§ Activity
Where a picture appears, leave it out, and transcribe all the lines below exactly.

§ Information supplied
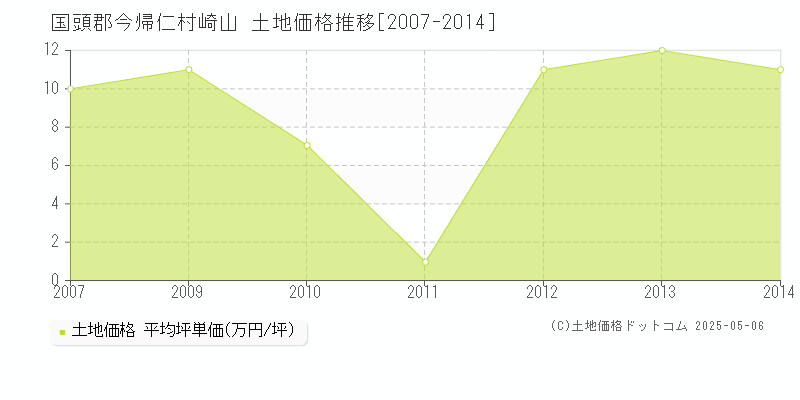 国頭郡今帰仁村崎山の土地価格推移グラフ 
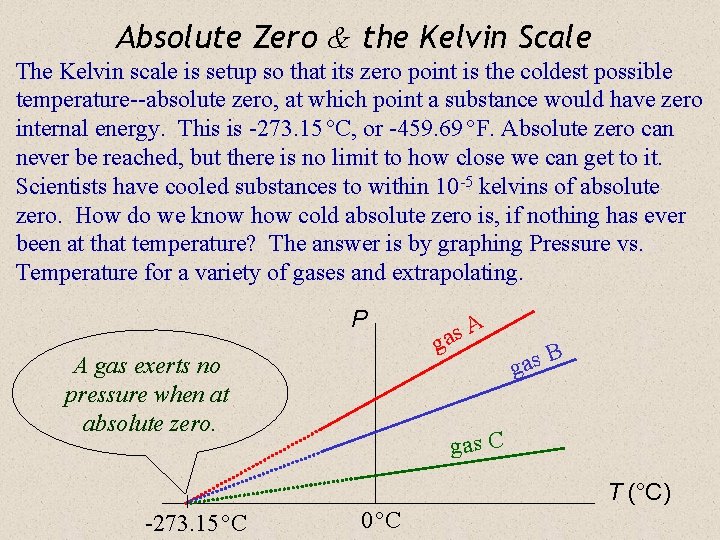 Absolute Zero & the Kelvin Scale The Kelvin scale is setup so that its
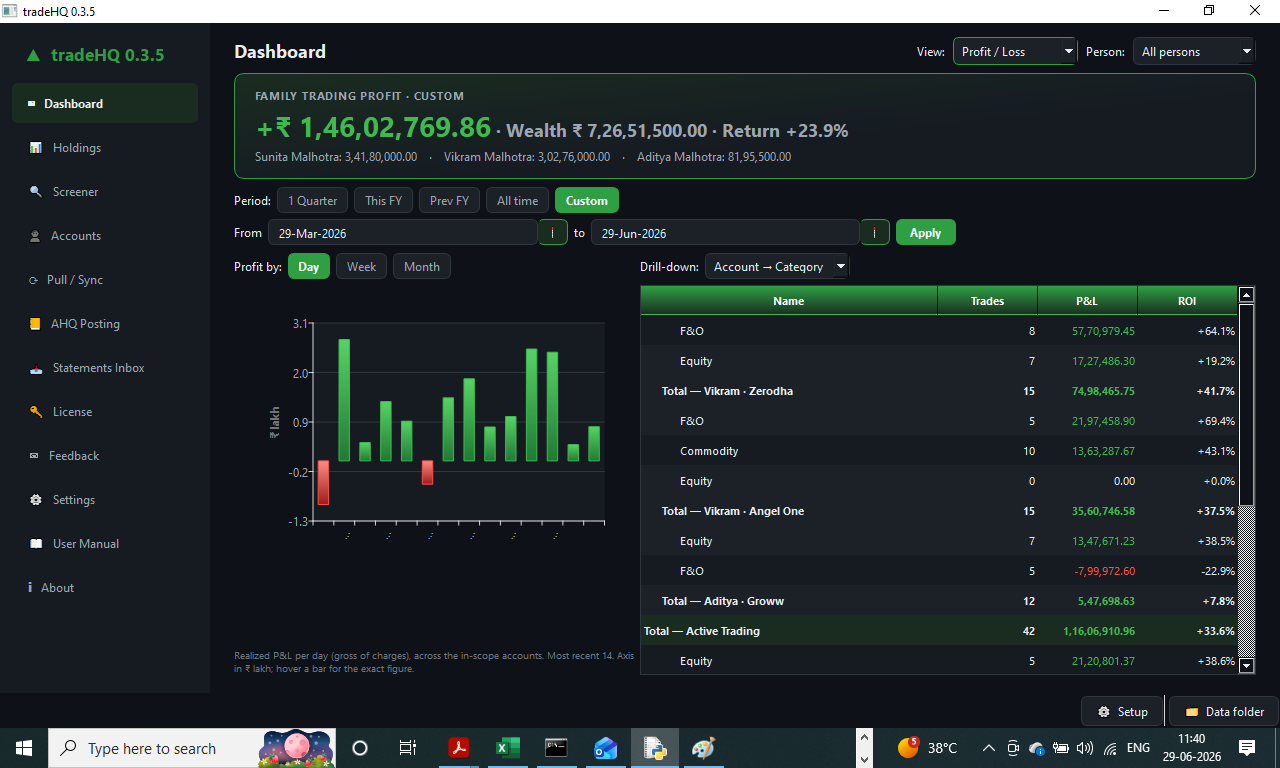 tradeHQ profit & loss — family trading profit by period with ROI by trade type
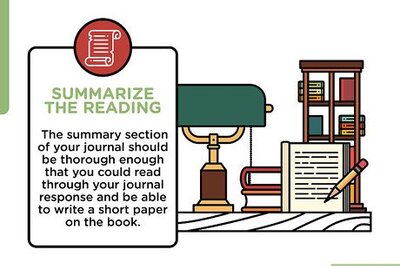 How to Write a Journal Response to a Book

§ Solved exercise
 国頭郡今帰仁村崎山の土地価格推移グラフ 
 Absolute Zero & the Kelvin Scale The Kelvin scale is setup so that its
 tradeHQ profit & loss — family trading profit by period with ROI by trade type
 How to Write a Journal Response to a Book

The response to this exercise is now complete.